一方で中学数学のようなちょっと抽象性が上がることをさせると、とたんに一部の生徒にとって難しいと感じるケース増えます。これはすごく増えます。ですので、これを学校全体で押し進めるというのは難しくなるんですね。
(抽象性が上がる内容を難しい内容の意味には踏み込まず計算の手続きだけに収めることにして誰でも進める可能性があるようにして、学習習慣の育成と計算のスピードと正確性の定着のみに特化したのがくもんの特徴ですよね。)
しかも、苦手な子が難しいと感じることだけが障壁じゃないんです。
それだけでなく、中学数学に入ると、得意な子にとっても、つまらないと感じるケースが増えるのです。
そこがやっかいなんです。
抽象性が高まった中学数学を手続きだけ覚えてやることに対しては、なかなか面白いと感じることができない小学生はめちゃくちゃいるんですね。これはかなりかなり算数が得意な子でもです。(もちろん気にせず進められる子もいますが)
そう考えると、低学年から学校全体として中学数学を進めていくことは茨の道すぎて不可能なんですね。
では、中学数学にどんどんと進めることができないとしたら、仕方ないなあ、どうしよかと。
あきらめて具体性のある算数の問題で多少の思考訓練をしながら、そのときがくるのを待つかと。
もう中学数学に進める準備が整っている人がいたとしても、いろいろな人がいるから、1周、2周、3周としておけばだいたいの子が準備が整うだろうと。中学数学については、学校では小6の後半くらいから少しだけ正負の計算と文字式とちょっとくらいの中学数学やるくらいでいいだろうと。
しかも、結局中学受験組の子が中学受験をしてくるわけだから、知識的な差もある程度最小化できますしね。
そんな状況なのかなと推測しています。
以上が僕の憶測です。
ちなみに、このような中学数学をどんどんやる方針から中学受験算数を主にやる方向への変化はこれで良かったのだと思います。僕としては学校としてとる変化としてはこれしかないというか。というかこれじゃないとより多くの生徒がもう小5くらいで本当に立ち行かなくなってしまって、学校の先生もそれをどうすることもできなくて、本当に苦しかったんじゃないかと思いますので。だから、さすがの変化の早い学校らしく、損切りをすぐにしたのかなと。

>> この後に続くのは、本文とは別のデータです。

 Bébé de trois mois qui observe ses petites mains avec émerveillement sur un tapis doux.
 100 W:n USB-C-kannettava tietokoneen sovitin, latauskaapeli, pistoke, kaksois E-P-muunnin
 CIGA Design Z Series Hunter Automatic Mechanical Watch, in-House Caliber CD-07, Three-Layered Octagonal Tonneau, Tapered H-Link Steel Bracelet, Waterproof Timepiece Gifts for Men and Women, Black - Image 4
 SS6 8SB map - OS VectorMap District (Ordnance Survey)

ちなみに、洛南は学力試験慣れしてない内部進学の生徒が結構いることを見越して、高校入学時点で上下にクラス分けをしているらしいですが、内部進学の子90人中15人くらい?は上のクラスにいるそうです。まあ、そんなにおかしくもない割合なのかなと。本当に無駄な教育を施してるなら5人くらいとかのはずなのでね。

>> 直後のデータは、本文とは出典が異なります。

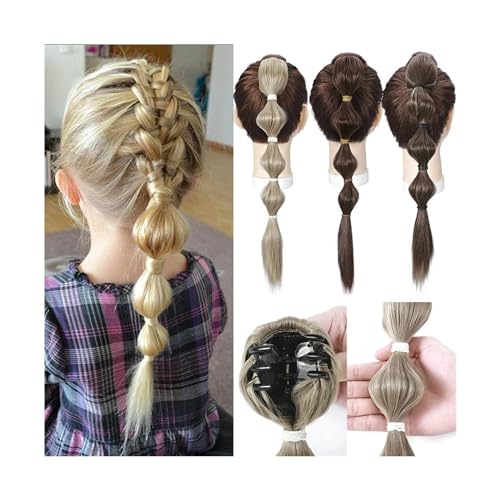 Pferdeschwanz Haarverlängerung Bubble Braid Pferdeschwanz-Verlängerung for Frauen, 45,7 cm lang, gerade, geflochtene Pferdeschwanz-Haarverlängerung, Klaue for Anklipsen in synthetischen Pferdeschwanz- von XPYGF565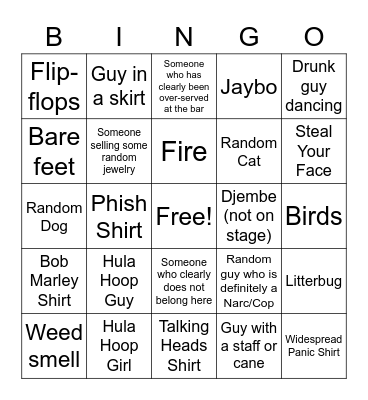 Hippie Bingo at The Cafe Bingo Card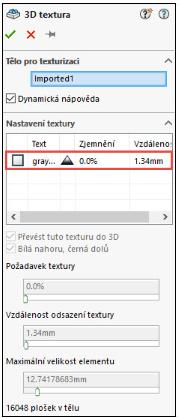 jiné) ٠ Aplikace 3D textury - ve FeatureManageru otevřeme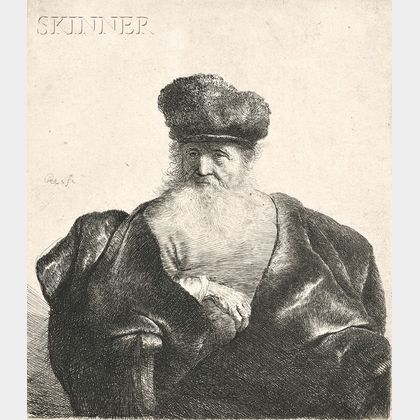 Rembrandt van Rijn (Dutch, 1606-1669) Old Man with Beard, Fur Cap, and Velvet Cloak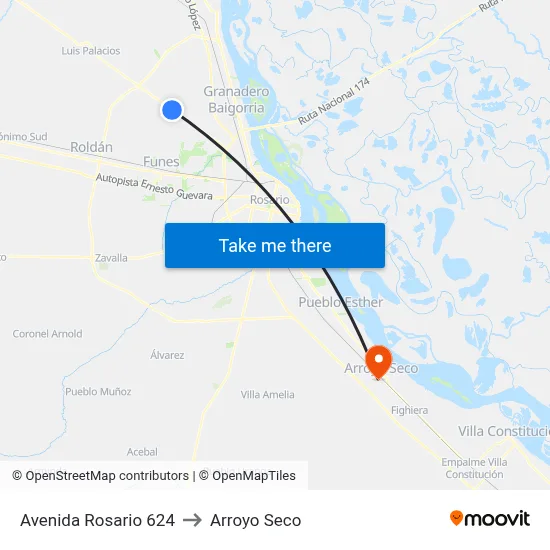 Avenida Rosario 624 to Arroyo Seco map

小学校から進学の生徒で上のクラスのトップから下のクラスの中上位?くらいまでの生徒さんを割と多くのサンプルで知ってますが、結局その子のポテンシャルに応じて徐々になるようになっていくのかしらと感じてはいます。僕が下のクラスの半分以下くらいの実情を中学生以上の生徒では見れていないので、そのあたりの解像度が低い可能性はありますが。。。ただ、高校での模試の学年全体の平均点はだいぶいい(堀川とか洛星とかよりはちょっと良い?東大寺とかにちょっと足りないくらい?)ので、上下のクラスがいっぱいあるのに、全体としてある程度保てていることがすごいなと思ったりしています。良く知らないですが、330人くらいって多分全部なのかな。高校入学組を除いてるのかな。
ここからは、僕の実際に教えている体験ベースの感覚の話を書いておきます。
実際指導している感触としては、中学数学に移っていいタイミングは、ある程度得意な子だとして、個人差はありますが、小4はじめ~小5終わりくらいのどこかのタイミングで訪れます。なんというんでしょうか。頭の受け入れ準備が整うという感じです。

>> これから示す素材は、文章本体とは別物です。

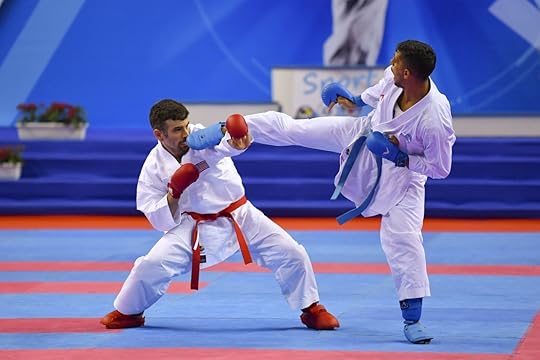 Haifa, Israel - July 11, 2017: The Karate competitions during 20th Maccabiah Games 2017 at the Romema Arena Haifa, Israel, new sports at the Tokyo Olympics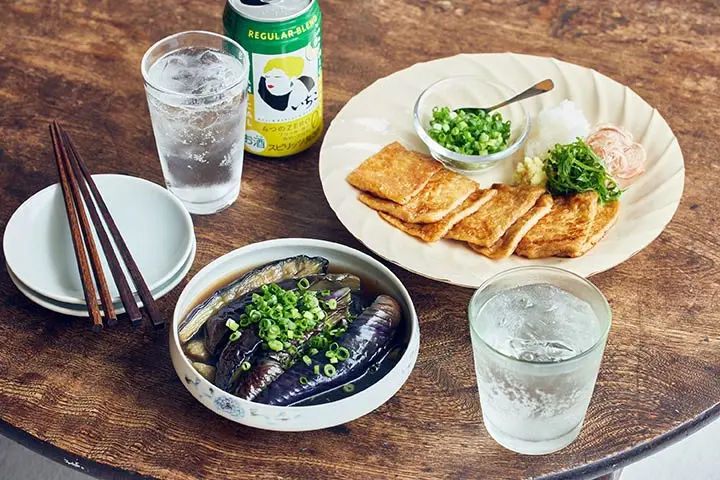 「なすの煮びたし」と「油揚げの薬味まきまき」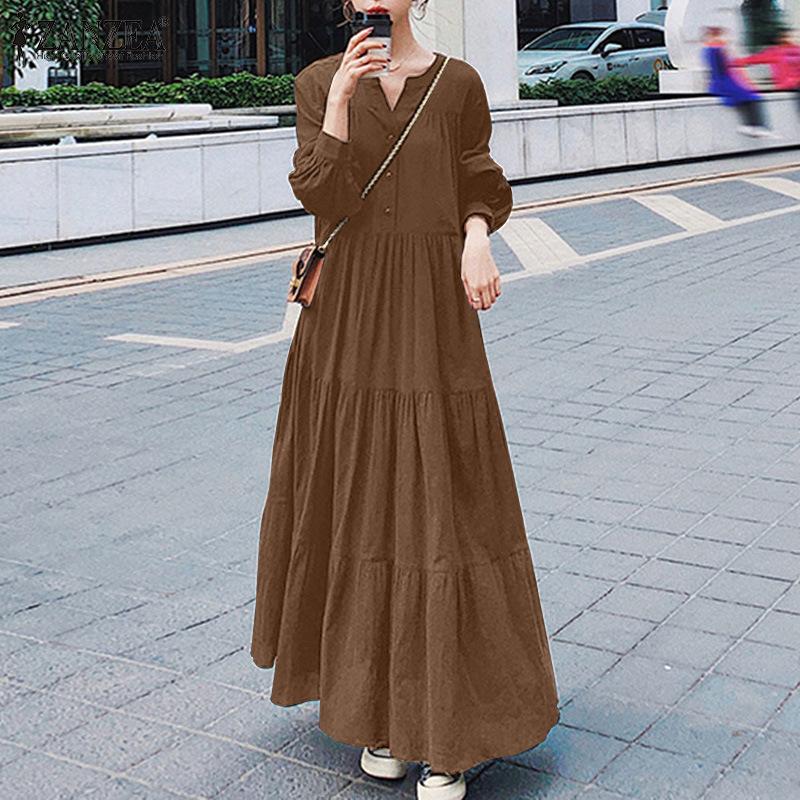 Swing Dress Women - Long Sleeve V-Neck Ruffled Maxi Boho Loose Fit Work To Weekend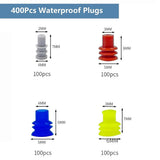 400Pcs Car Sealed Stopper 1.5/3.5MM Auto Connector Rubber Seal Silicone Cable Wire Automotive Waterproof Dust Proof Plug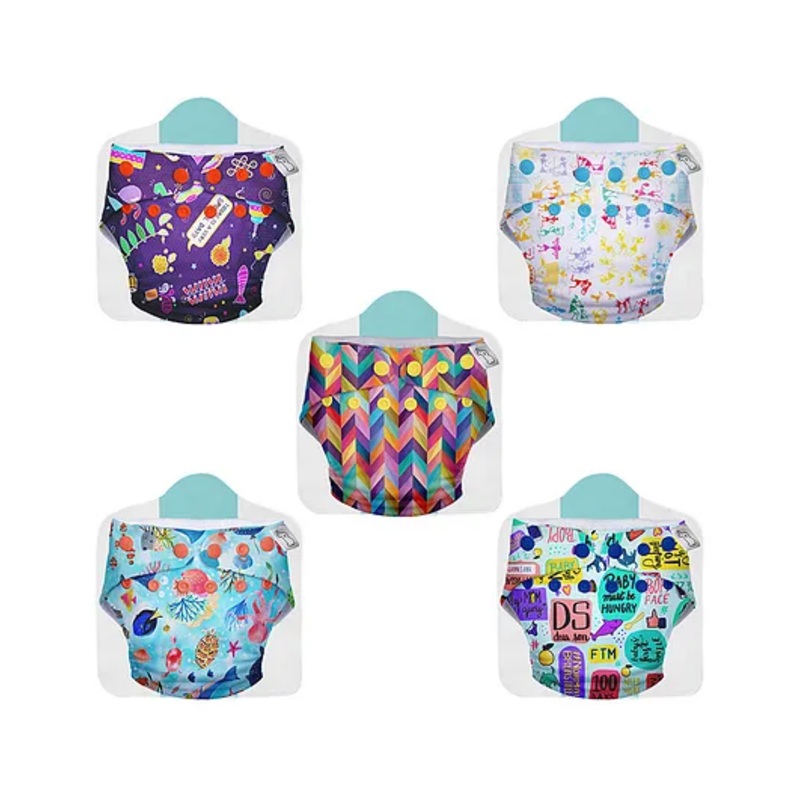 SuperBottoms Freesize UNO Cloth Diaper (3M – 3Y) Reusable, Absorbs 4-5 Pees – Pack of 5
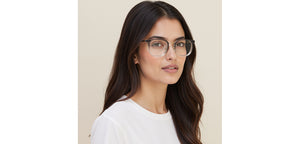Clear Grey Square Full Rim Unisex Clip-on Eyeglasses by Lenskart Air-228889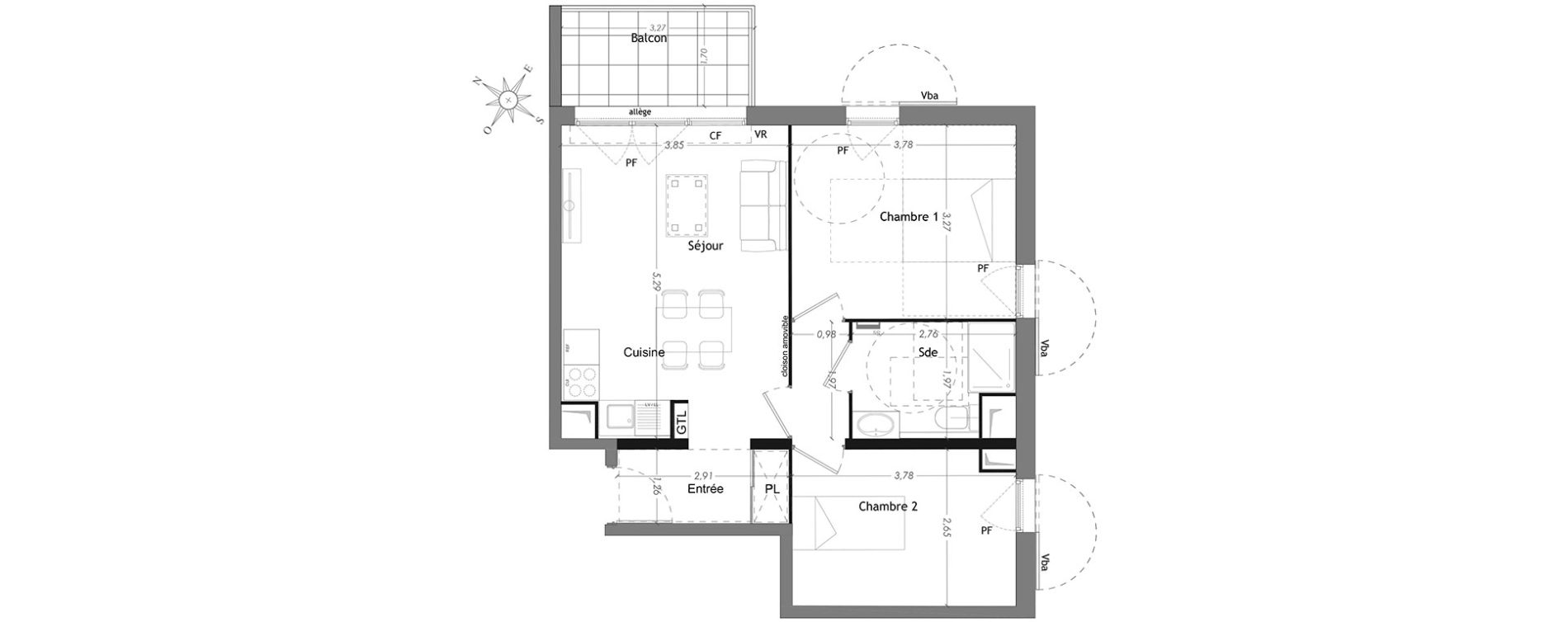 Appartement T3 de 52,73 m2 &agrave; Mennecy Centre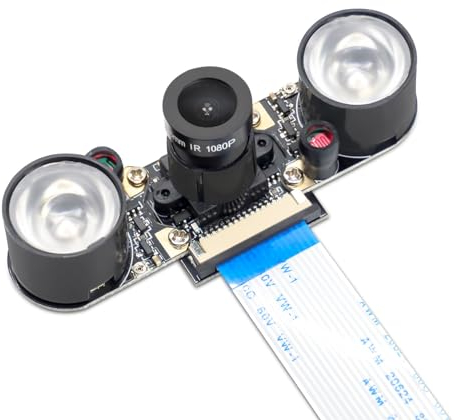 APKLVSR Compatible avec caméra Raspberry Pi - Vision nocturne - Module de caméra infrarouge avec caméra vidéo HD 1080p - Webcam 5 MP OV5647 - Réglable - Avec 2 LED infrarouges - Pour Raspberry Pi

だから、僕が小学生を教える場合は、それぞれがそのタイミングが来るのを待っているんですね。
小4くらいまでの生徒が小学生の算数を終わった場合は、中学受験の算数をちょっとだけはさんでいます。難関校の難しい問題とかではなく、標準的な入試レベルのやつです。これは2~6ヶ月くらいかかるだけのものなのですが、これは意図的に中学数学に入るのを遅らせるために導入しているんですね。これに時間がかかっているなら、頭が準備できていないという証拠なので、意図的な延長措置として大いに機能しているという感じがしますし、これさえもさっと終わらせられるなら、まあ中学数学に入る準備が早めに整っている珍しめの生徒なのかなと。
僕の見立てはそんな感じで、そんな意図で進めています。
いずれにせよ小学生とか中1くらいまでは楽しむことが最優先なのかなと思うんですね。中学受験は勝負の世界だから別ですけど、中学受験を念頭に置かないなら、学習自体を興味を持って楽しめるという状況が一番いいなと思っています。